See original GitHub issuePaket version 4.8.7
We have a solution with a little more than 100 C# projects in it. Some projects are class libraries and a few are “leaf” projects - EXE and WebSites, which use those class libraries.
I want to use “paket pack” to package build output to many NuGet packages with inter-dependencies. Class libraries are usually consumed by multiple “leaf” projects, so I want NuGet packages for those “leaf” projects reference class libraries packages, instead of duplicating binaries in the build drop. For that purpose I placed tiny autogenerated paket.template file to each project folder.
When I run paket.exe pack output nugetFolder include-referenced-projects lock-dependencies
it scans the folder tree in seconds and I see messages “No description was provided for package” for each project. But then it become absolutely quiet (even in verbose mode) and it takes at least half hour (actually I never waited to the end of it). Using Process Monitor I can see that Paket continuously read the same project and template files over and over again. One CPU core is 100% loaded. Nothing is written to the output folder.
What exactly it is doing for so long? Is there anything I can do to make it faster? This sort of kills the whole idea.
Thanks beforehand! Konstantin
Issue Analytics
- State:
- Created 6 years ago
- Comments:20 (20 by maintainers)
Top GitHub Comments
I got in a sticky situation here, because I badly need “paket pack” to work, but I don’t know F# at all and cannot publish original big project as the repro. So what I could do is to profile it myself and when I got some idea I debugged the code and kind of understood what is going on, but I still need somebody with F# background to fix it.
Here is what I think happening:
Imagine solution with 100 projects. First project is independent, second depends on first, third depends on the first two, etc. Each next project depends on all previous.
Problematic code is in
Paket.Core\PaketConfigFiles\ProjectFile.fs, member this.GetAllReferencedProjects()
When it gets invoked for the project N, it reads in all N-1 dependencies and then recursively calls itself on each dependency. Then the process repeats itself for N-2, etc. This means processing time is proportional to factorial of the number of projects! For 100 projects it is 1.0e158! No surprise I cannot get it to completion. Instead each project scanned should cache the results of the scan in the hashtable with the project path as a key. Then each new project would only 1 (one) project scan as all previous projects are already scanned and results available. So when it is done right the algorithm should be linear, instead of N!Who can make it happen, please?

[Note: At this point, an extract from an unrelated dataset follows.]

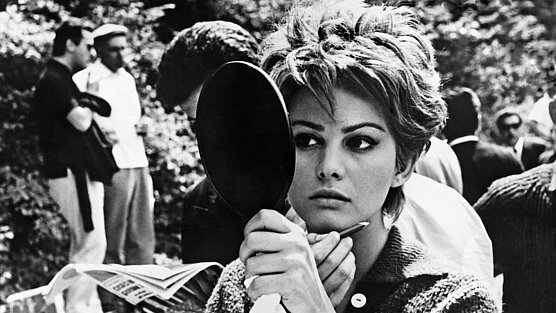 Schwarzweißfoto - Claudia Cardinale schminkt sich in einem Spiegel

Besides I also noticed that GetAllReferencedProjects is always invoked TWICE for each project, don’t know why. That’s on top of N! Would be nice to remove that duplication too.

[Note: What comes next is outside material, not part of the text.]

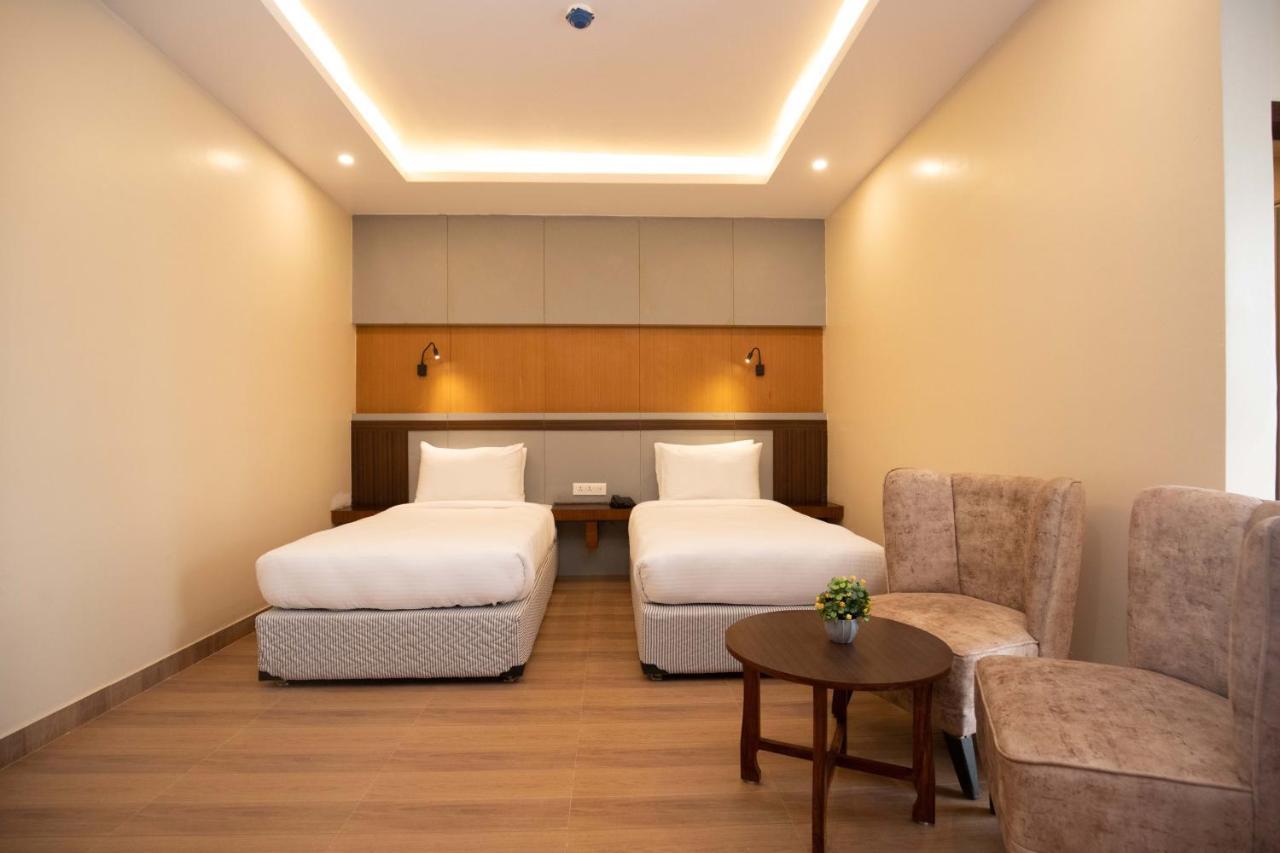 Hotel Palm International Butwal ภายนอก รูปภาพ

Thank you for your attention!
Congratulations @gerardtoconnor! With the new implementation execution time reduced from eternity to 11 seconds, which is remarkable and definitely more usable! I’m looking forward seeing it released.

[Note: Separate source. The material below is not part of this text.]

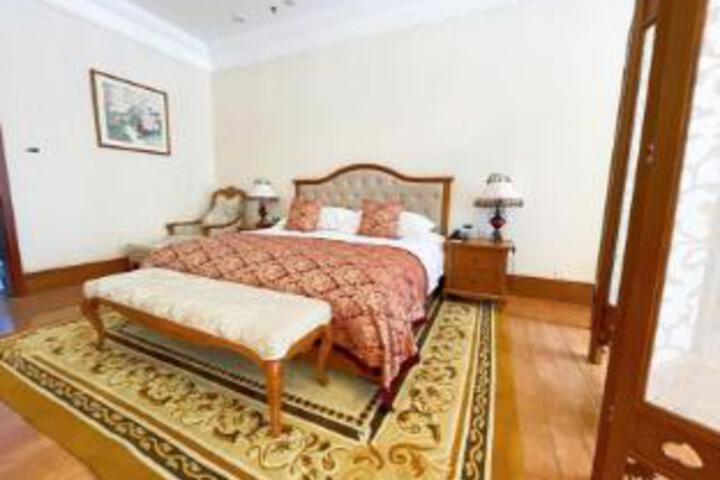 Room 21 of 23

One other thing about project scanning process is still not clear. It seems Paket scans folder tree for all files named like “*.*proj” and tries to parse them as projects. In most cases they are indeed projects, but some of them may be very much irrelevant to the currently packed solution and not really referenced from anywhere. In one case it picked up .sqlproj file and stopped because corresponding DLL was not found. But that project does not produce DLL (it produces .dacpac). I wonder how hard would it be to instill some more smartness to Paket and make it not read projects which do not belong to closure of references.